The very same year Action Comics #1 was released, Adolf Hitler was named Man of the Year by ‘TIME,’ after he invaded Czechoslovakia and the rest of Europe allowed him to in the Munich Agreement. Anti-semitism was already commonplace in the 1930s America, and now a racist maniac was quickly becoming one of the most powerful people in the world. Make no mistake, Superman was not created in an idyllic past, but during one of the most troubling times in world history.

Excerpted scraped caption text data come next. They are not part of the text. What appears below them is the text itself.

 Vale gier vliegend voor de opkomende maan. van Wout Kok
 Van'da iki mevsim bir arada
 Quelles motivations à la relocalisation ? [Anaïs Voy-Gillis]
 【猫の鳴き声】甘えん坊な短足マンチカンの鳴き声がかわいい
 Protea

Before gaining careers in the comic book industry, Siegel and Shuster collaborated on a 1933 story called “The Reign of the Superman,” about a man who gains telepathic powers and attempts to conquer the world. That same year, Siegel decided that Superman should be a hero, rather than a villain, and began developing the character that would debut five years later as a crime fighter taking on gangsters, wife beaters, and corrupt politicians. This change is a perfect example of the hope that Superman represents: it suggests that someone with incredible power might choose to help the weak, rather than seek individual gain.

Superman remained one of the most popular comic book characters in the following decades, eventually appearing in the iconic 1978 film adaptation starring Christopher Reeve. When people complain about Superman being corny, outdated, or too perfect, this is the Superman they’re referring to. He’s cheery, courteous, and even saves a cat from a tree. ‘Superman: The Movie’ stands out in the crowd of darker films that the 1970s are known for, but it proved to be a massive success. Between a severe recession, unrest in the middle east, and increasing fears of terrorism, the social climate of the 1970s was not entirely different from today. Superman has always thrived in difficult times, specifically because he stood in contrast to the bleak world around us.

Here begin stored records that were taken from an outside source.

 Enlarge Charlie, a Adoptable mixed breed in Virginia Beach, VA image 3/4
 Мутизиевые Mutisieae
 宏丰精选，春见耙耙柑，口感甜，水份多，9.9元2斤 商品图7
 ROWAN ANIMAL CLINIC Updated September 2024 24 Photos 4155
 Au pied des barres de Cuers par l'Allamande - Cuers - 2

Superman’s relevance hinges on the fact that he represents everything we want to see in the world: those in power defending the weak, people standing up for what they believe, and the collection of hopes and values best termed the American Dream. After all, Superman’s creators were the children of immigrants, and Superman himself is a refugee from a doomed planet. The core story of Superman is one of a child finding refuge in America, discovering his abilities, and using them for the good of society. Ultimately, that is the essence of the American Dream, not getting rich or buying a house in the suburbs. The fact that the quintessential American hero wasn’t born in America says a great deal about our national identity. If we really consider Superman to be irrelevant to the world of today, I think that’s serious cause for concern given what he represents. Superman is the embodiment of our better nature, the humanist ideal wrapped in a cape. He doesn’t represent ideas that we’ve outgrown, but rather the ideas that we’re in danger of giving up.

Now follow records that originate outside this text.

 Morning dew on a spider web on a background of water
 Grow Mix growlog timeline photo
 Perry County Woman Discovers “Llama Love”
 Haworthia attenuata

There’s nothing wrong with darker heroes. In fact, many of them are very compelling characters. As living, breathing human beings, it can be appealing to see heroes that struggle with their inner natures and don’t always do the right thing. However, we should be able to relate to Superman’s hopefulness every bit as much as we relate to Wolverine’s psychological trauma. Superman is the every-man, a regular guy with a supportive family from a small town, working in the big city and hoping his pretty co-worker notices him. It’s not the power that makes him exceptional, it’s the choice to do what he can to make other people’s lives better, the same choice in front of each and every one of us.

I’m not saying you have to like Superman. If you happen to prefer Batman or Iron Man, feel free to continue doing so (better yet, write an article about why you like them so much). However, if we dismiss Superman as irrelevant, we do a disservice to the ideals he represents. If nothing else, maybe read a comic or two before you make up your mind.